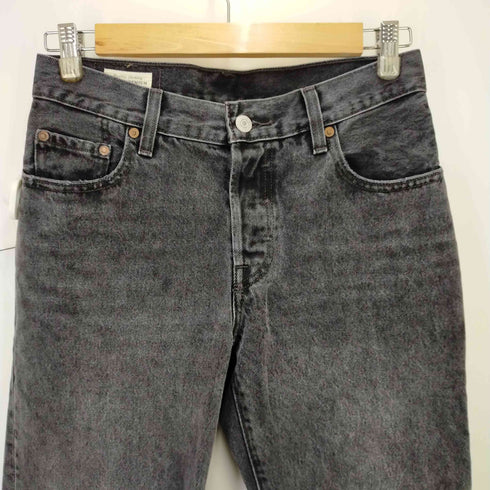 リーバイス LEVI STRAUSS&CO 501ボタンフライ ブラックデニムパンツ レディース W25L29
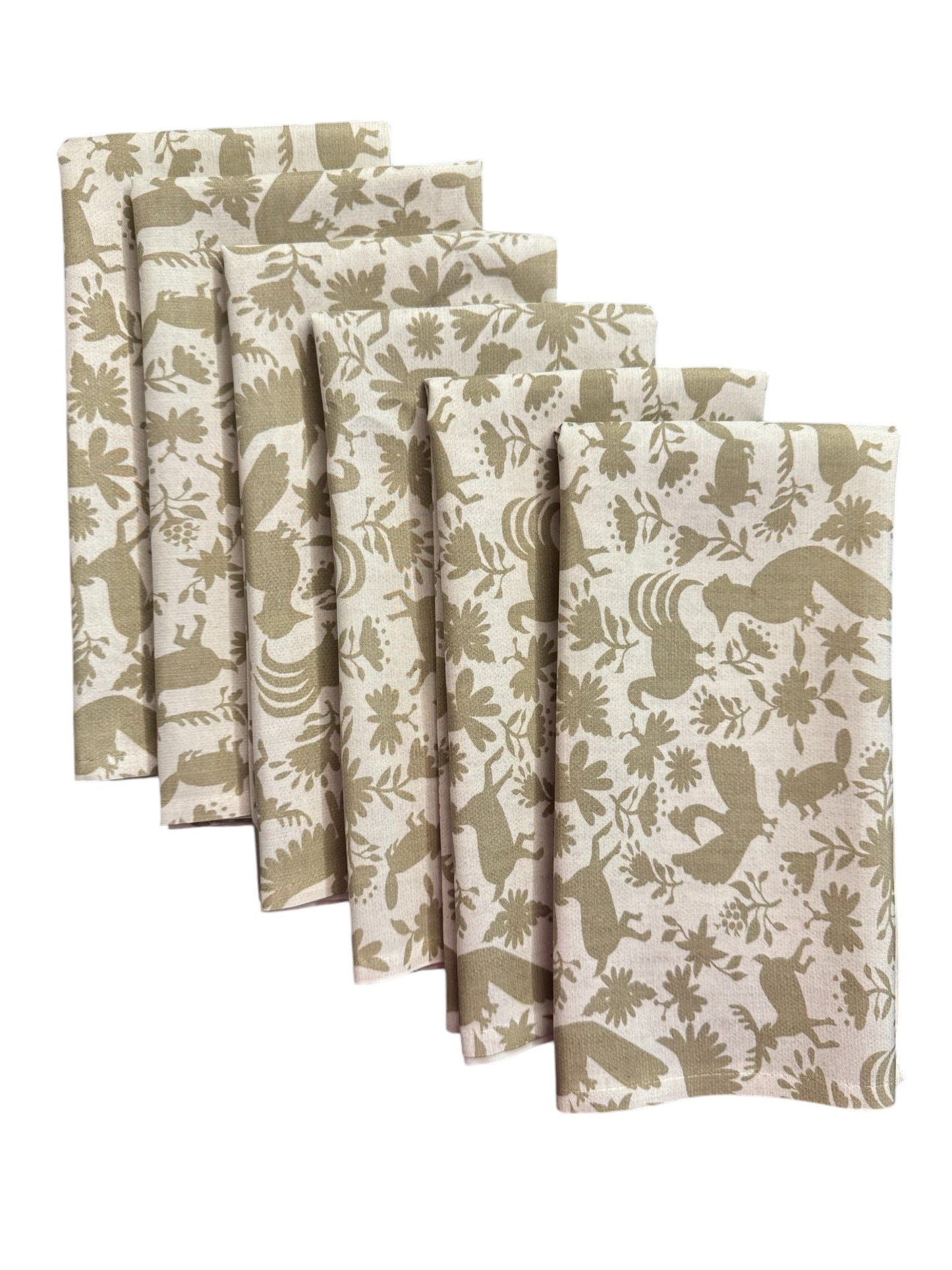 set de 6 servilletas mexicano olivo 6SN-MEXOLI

--

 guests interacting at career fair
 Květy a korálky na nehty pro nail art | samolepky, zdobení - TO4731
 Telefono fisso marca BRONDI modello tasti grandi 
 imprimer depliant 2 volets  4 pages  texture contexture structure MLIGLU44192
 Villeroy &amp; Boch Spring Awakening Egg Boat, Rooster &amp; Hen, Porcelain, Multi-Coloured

TASK DIRECTIONS:
All lines above from the one containing "Telefono fisso marca" to the one containing "Villeroy &amp; Boch" must be repeated exactly, both lines included, and no others.

ANSWER TO THIS PROBLEM:
 Telefono fisso marca BRONDI modello tasti grandi 
 imprimer depliant 2 volets  4 pages  texture contexture structure MLIGLU44192
 Villeroy &amp; Boch Spring Awakening Egg Boat, Rooster &amp; Hen, Porcelain, Multi-Coloured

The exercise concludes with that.